* [Given information]

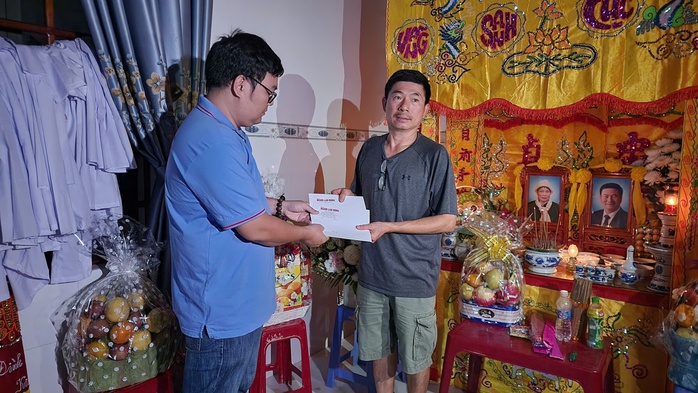 Trái tim miền Trung hỗ trợ gia đình nạn nhân tử vong trong lũ lụt Đắk Lắk - Ảnh 4. Trái tim miền Trung hỗ trợ gia đình nạn nhân tử vong trong lũ lụt Đắk Lắk - Ảnh 4.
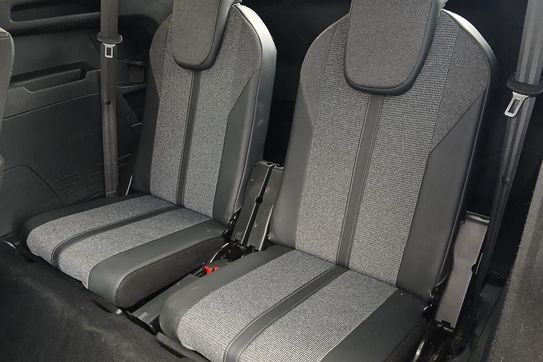 Peugeot 5008 1.6 Puretech Allure S&S EAT8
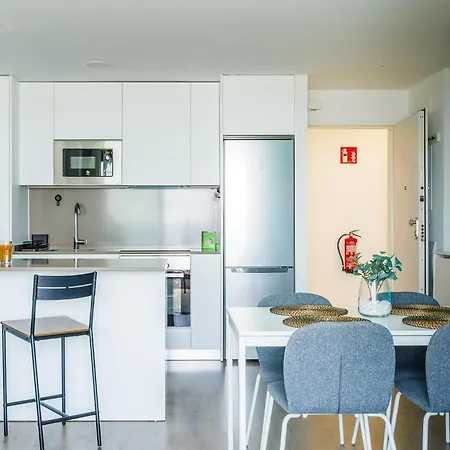 A&n Sea View Terrace & Pool Getaway *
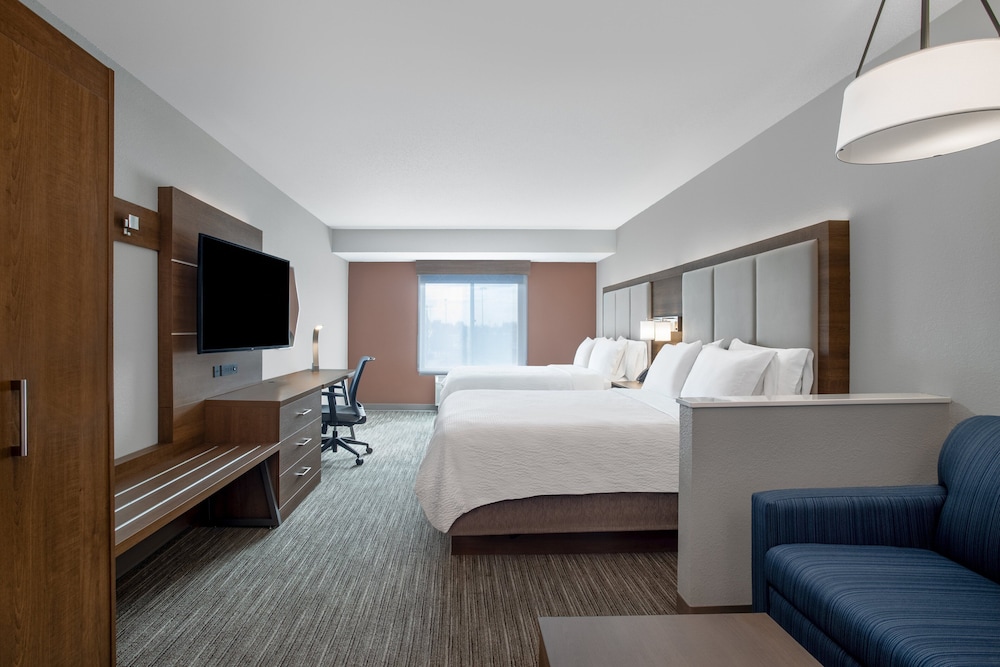 Holiday Inn Express Hotel & Suites Clinton by IHG - photo 16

* [Your objective]
Would you transcribe, exactly and only, the lines from the one that contains "Peugeot 5008 1.6 Puretech Allure S&S EAT8" through the last line of the data above, without any pictures?

* [Output]
 Peugeot 5008 1.6 Puretech Allure S&S EAT8
 A&n Sea View Terrace & Pool Getaway *
 Holiday Inn Express Hotel & Suites Clinton by IHG - photo 16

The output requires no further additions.